- Music
- 23 Nov 05
Forget Liam and Nicole and Pete and Kate, the hottest rock 'n' roll couple in town at the moment are The Subways' Charlotte Cooper and Billy Lunn. The female half of the duo tells Ed Power about the highs and lows of making beautiful music together.
A dreary Wednesday in Portsmouth and, for the third time this week, Charlotte Cooper is fielding questions about her personal life.
What’s it like, the journalist asks, being in a band with your boyfriend? Do you row constantly? Holed-up on a tour bus, how long will it be before you begin to secretly loathe one another? Who’s the hot-head and who’s the peace-maker?
From the other end of the phone line, you sense Cooper is smiling wryly and, perhaps, rolling her eyes.
For The Subways’ bassist, bare-faced inquiries about her relationship with the group’s guitarist, Billy Lunn, are rapidly becoming part of the daily regime
Her solution, simple yet efficient, is to politely say nothing at all. Actually, that’s not exactly true. She will quite cheerfully proclaim herself astonished that anyone should care a fig about what she and Lunn get up to off-stage. People these days – haven’t they got better things to think about?
“We didn’t really expect all the attention and sometimes it can be quite amusing,” says Cooper, who sounds posher than you might expect, her accent devoid of any trace of estuary.
“It is weird to see yourself written about in that way,” she elaborates. “It baffles me why anyone would want to know. We just stay quiet about the whole thing and let journalists keep on guessing.”
Cooper looks and dresses like an indie-rock barbie doll and, in Britain, has become an alternative pin-up. Indie boys, it is reported, turn weak-kneed for her big-eyed/big haired shtick, which is two parts Courtney Love, one part unattainable girl-next-door.
If she sounds, at times, a little breathless, this is no surprise. The story of The Subways, pliers of fizzy punk-pop, is one of rampant success, achieved in the space of several months.
The trio, from a small town in Essex, have, since the start of the year, progressed from the indie-toilet circuit to support slots with Oasis and Green Day (Lunn and drummer Josh Morgan are half brothers: the former took his mother’s name for fear of being confused with The Smashing Pumpkins’ Billy Corgan).
From the outset, it was the presence of diminutive indie-chick Cooper that got The Subways noticed – something that continues to irritate deeply.
“It’s strange that people should make such a big thing of the fact I’m a girl,” she fumes. “I’ve always just seen myself as another member of the band.

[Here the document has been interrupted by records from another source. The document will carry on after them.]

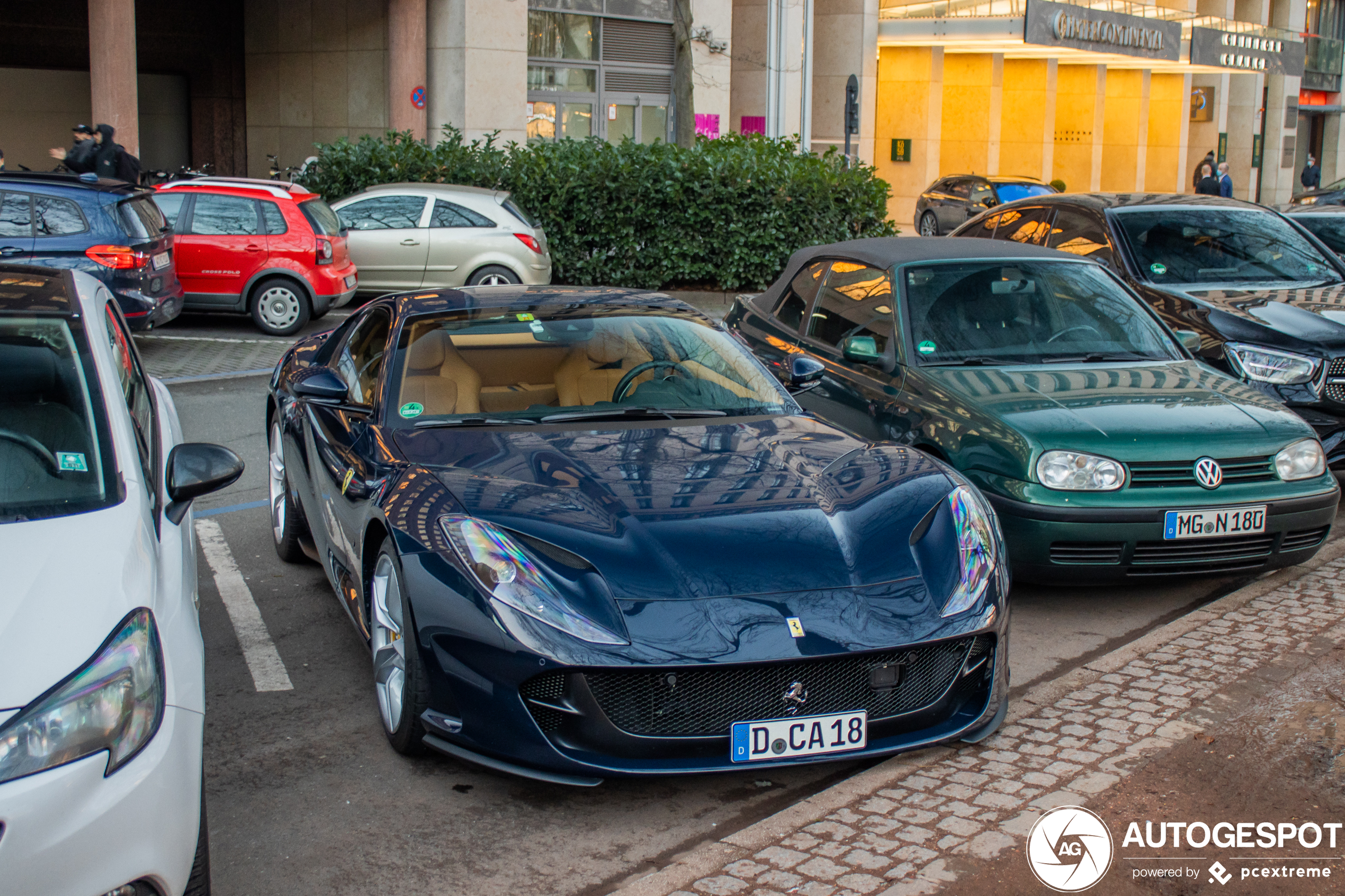 Ferrari 812 Superfast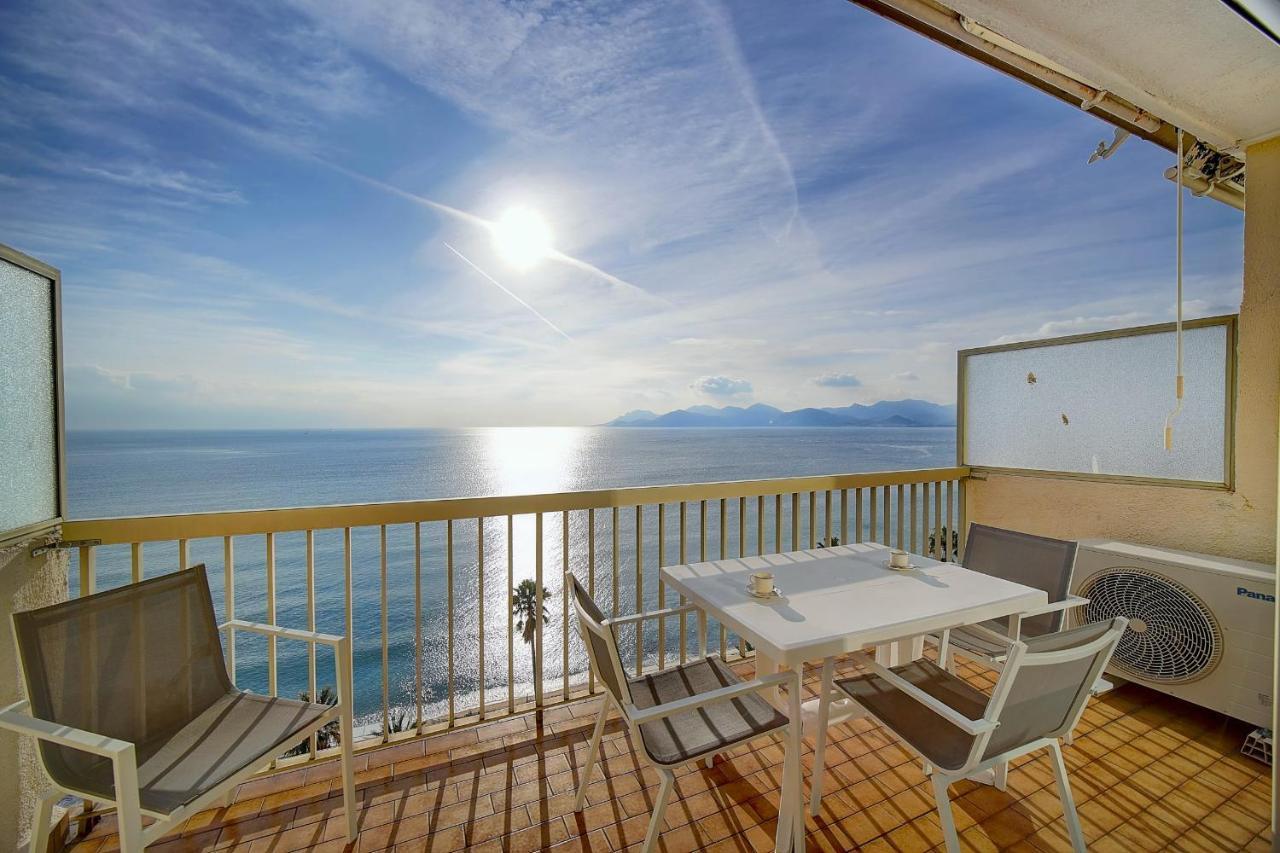 Immogroom - Panoramic View - Quiet - Ac - Bright Κάννες Εξωτερικό φωτογραφία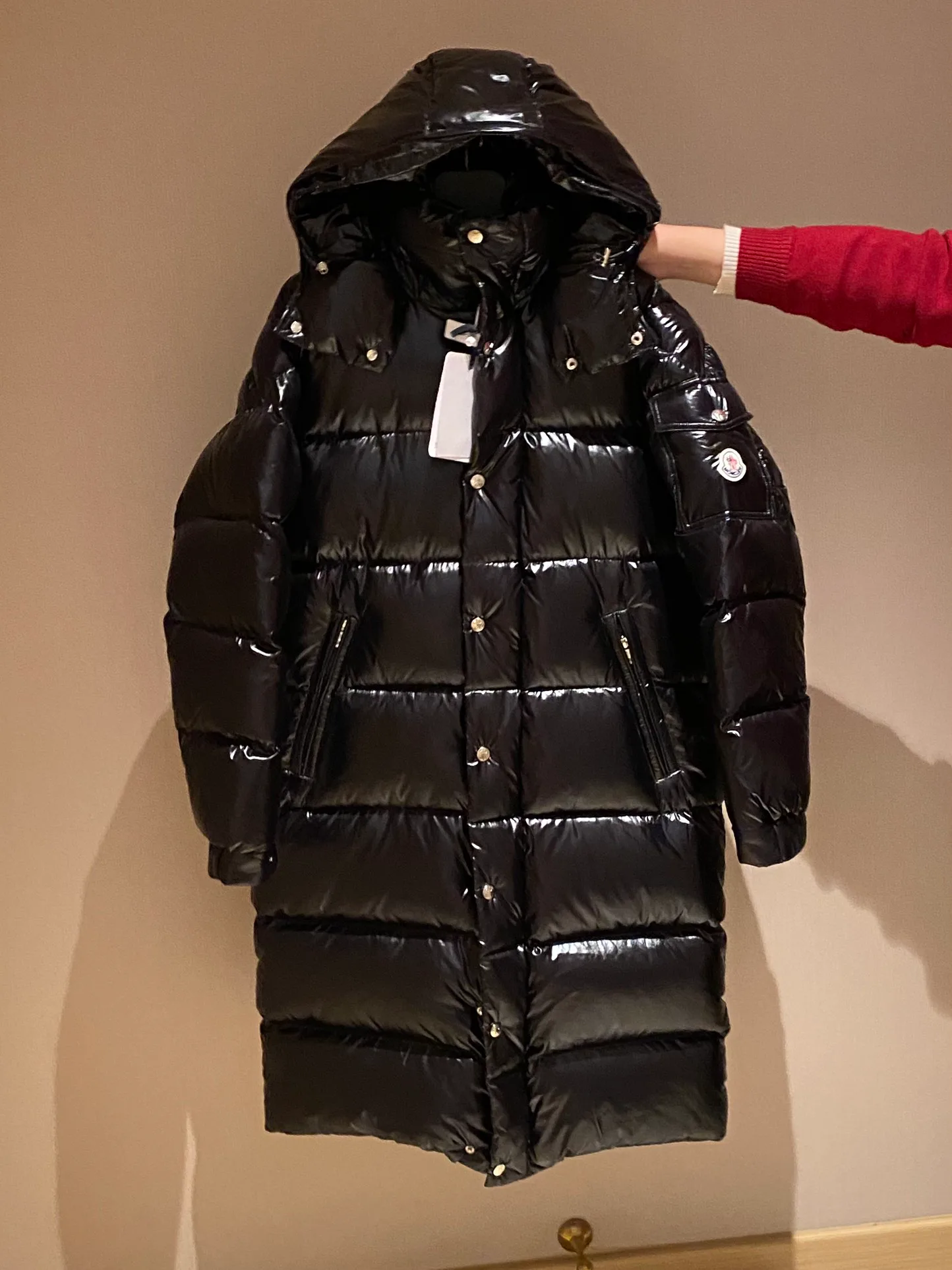 Куртки И Пуховики Женские Moncler 632996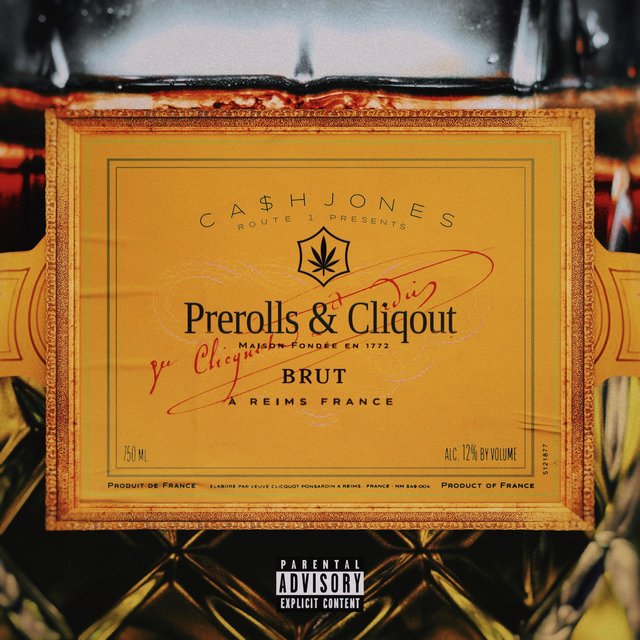 Prerolls & Clicquot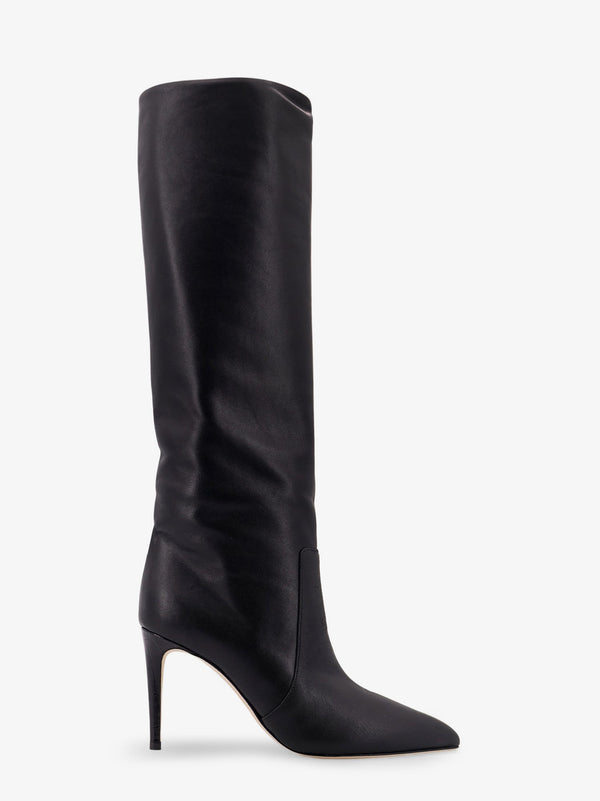 Paris Texas Stiletto Leather Boots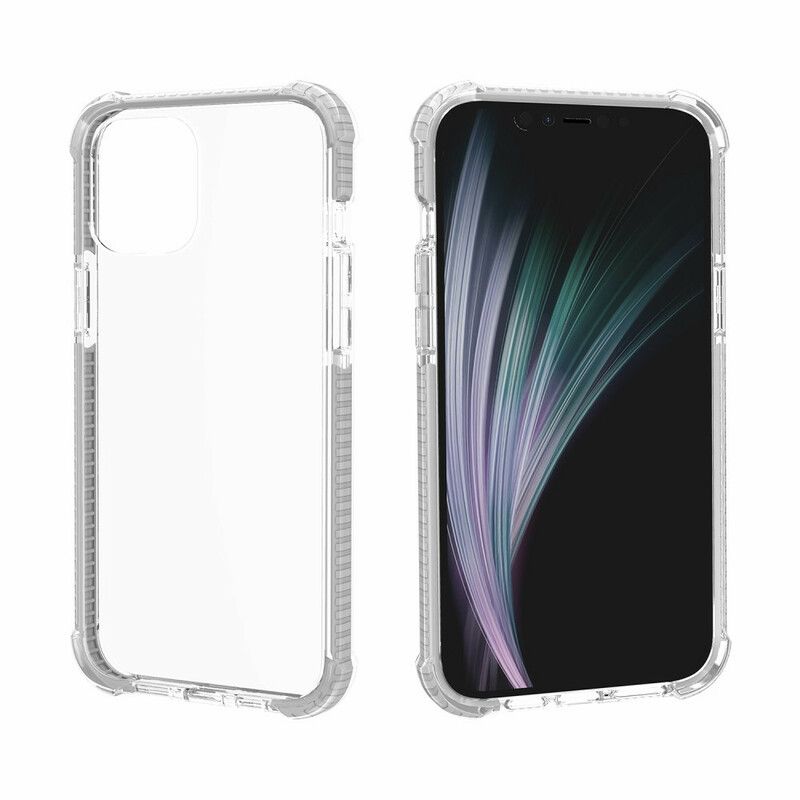 Cover iPhone 12 Pro Max Transparente Airbags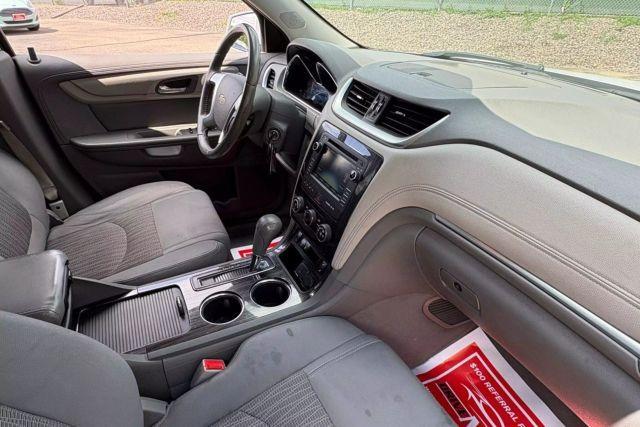 used 2016 Chevrolet Traverse car, priced at $10,984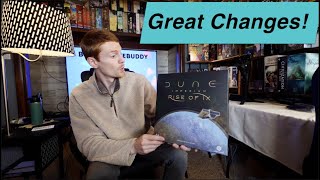 Rise of Ix Expansion Overview & Review (Dune Imperium)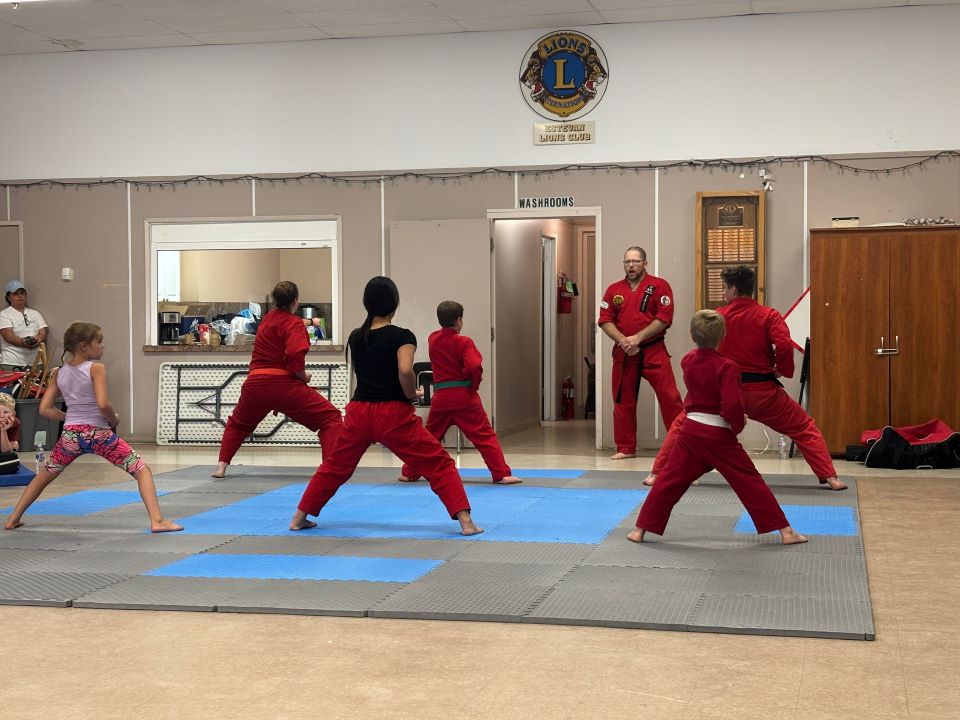 Martial Arts Summit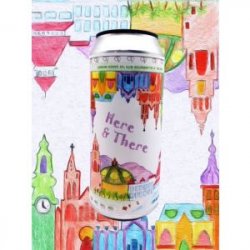 TapRoom Beer Co. Here and There Classic Pale Ale 16oz can - Bine & Vine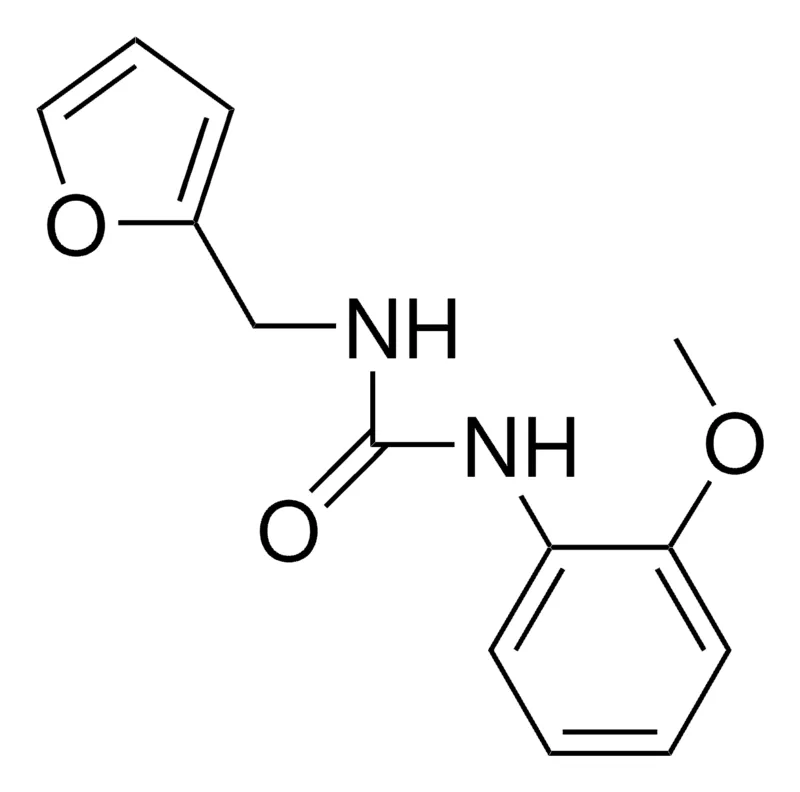 Sigma-Aldrich 1-(O-ANISYL)-3-FURFURYLUREA,AldrichCPR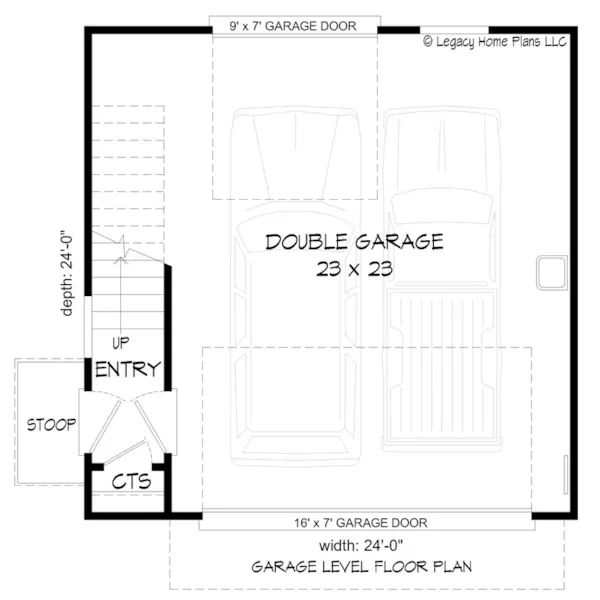 Floor Plan - 141D-0794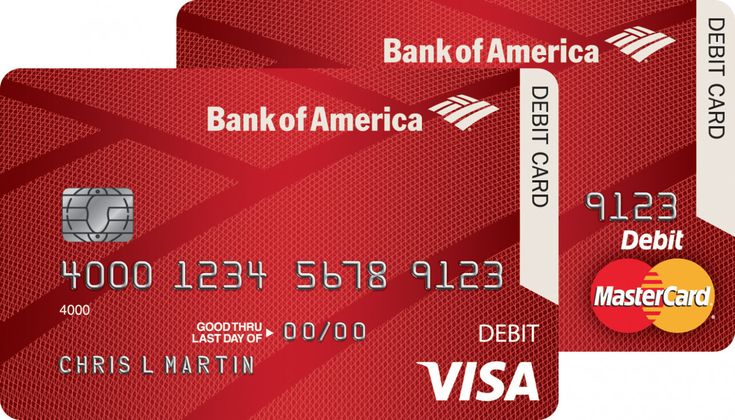 Bank of america business visa credit cards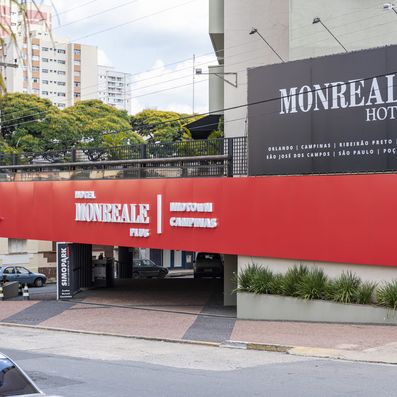 HOTEL MONREALE PLUS MIDTOWN CAMPINAS CAMPINAS (SAO PAULO) 4* (Brazil) -  from US$ 64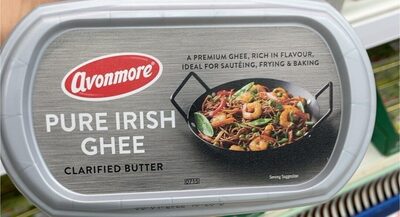 Pure irish ghee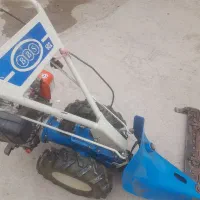 دستگاه یونجه زن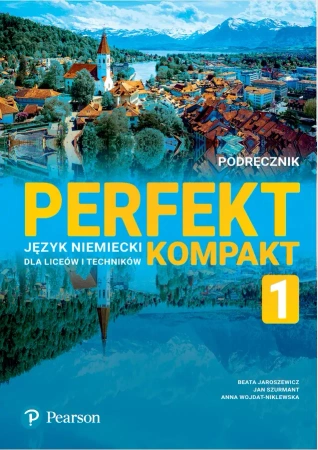 Perfekt Kompakt 1 Podręcznik z kodem - praca zbiorowa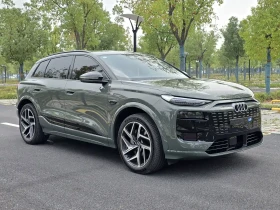 Audi E-Tron Q6* 2025* 107 KWH* PANO* HUD* 360* LED* ACC* КРАЙН | Auto.bg — изображение 3 Audi E-Tron Q6* 2025* 107 KWH* PANO* HUD* 360* LED* ACC* КРАЙН | Auto.bg — изображение 3
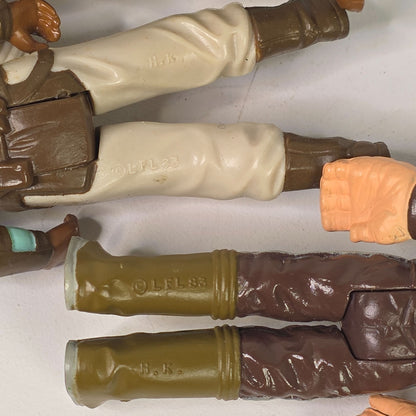 Vintage Star Wars Action Figure Collection- GMFGI and LFL HONG KONG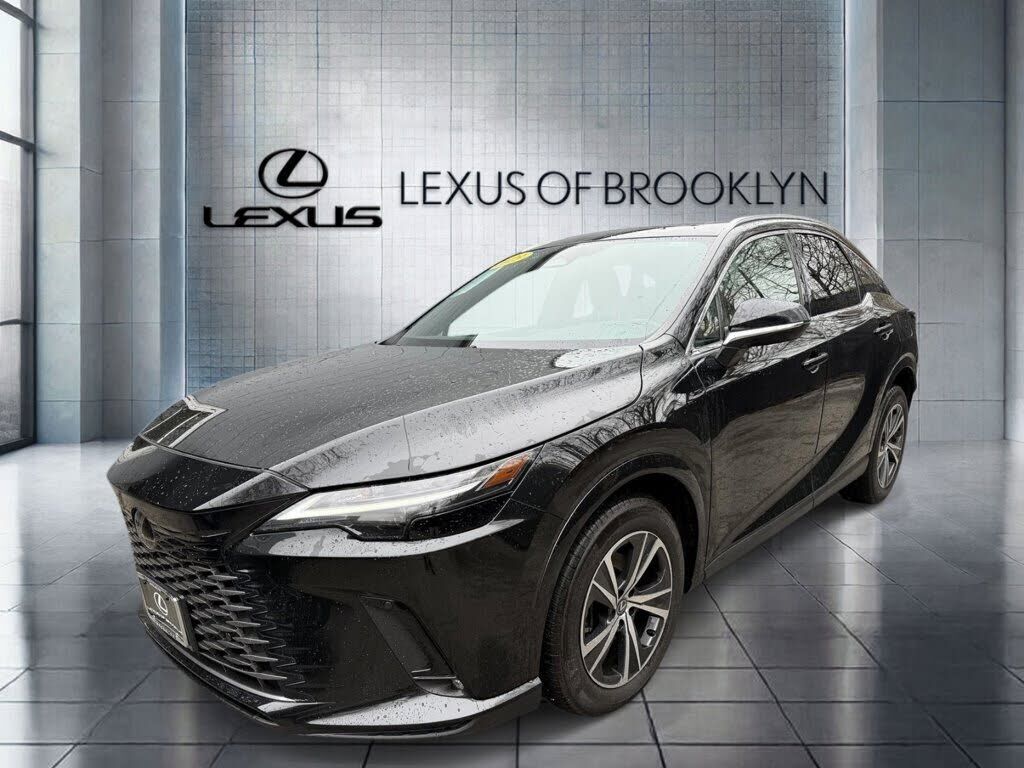 2023 LEXUS RX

It took me some time to realise that people had latched onto the fact that I was a woman.”
Female musicians face particular pressures, though Cooper is reluctant to dwell on the fact. On stage and in video shoots, there is an expectation of glamour. Nobody cares if Lunn and Morgan turn up for a gig looking crap – Charlotte, it is presumed, will at all times be immaculate.
“That’s a right pain in the arse. I don’t want to be seen as eye-candy. I’m a musician. So long as I play my parts right, who cares what the hell I look like? I mean, come on, this is 2005.”
Nor are women permitted to devote themselves to rock’s tradition of excess. Kurt Cobain’s smack habit was seen as a tortured plea for release. When Justine Frischmann took up the needle, we pitied her as a tragic junkie.
This Cooper agrees, is absurd and unfair but not especially relevant to her. She isn’t given to swigging vodka before a show and it doesn’t trouble her if a proportion of the audience (The Subways’ fan-base comprises overwhelmingly of sweaty blokes) have come to ogle the bassist.
“My attitude is to let it go over my head. We focus on being in a band and if anyone else thinks it’s a big deal that I’m a woman, that’s for them to worry about.”
Nevertheless, Cooper confesses to having felt a shiver of pride when someone – a journalist, probably – pointed out that she belongs to a short, but exalted, tradition of female bass players.
“Well, there’s Kim Deal (Pixies) and Kim Gordon (Sonic Youth) and not many others,” she enthuses. “They were really cool and I love those bands. So it’s kind of great following in their footsteps. For some reason, not many woman want to play guitar or bass in a band, which has always struck me as odd. We’re as talented as men, so why not?”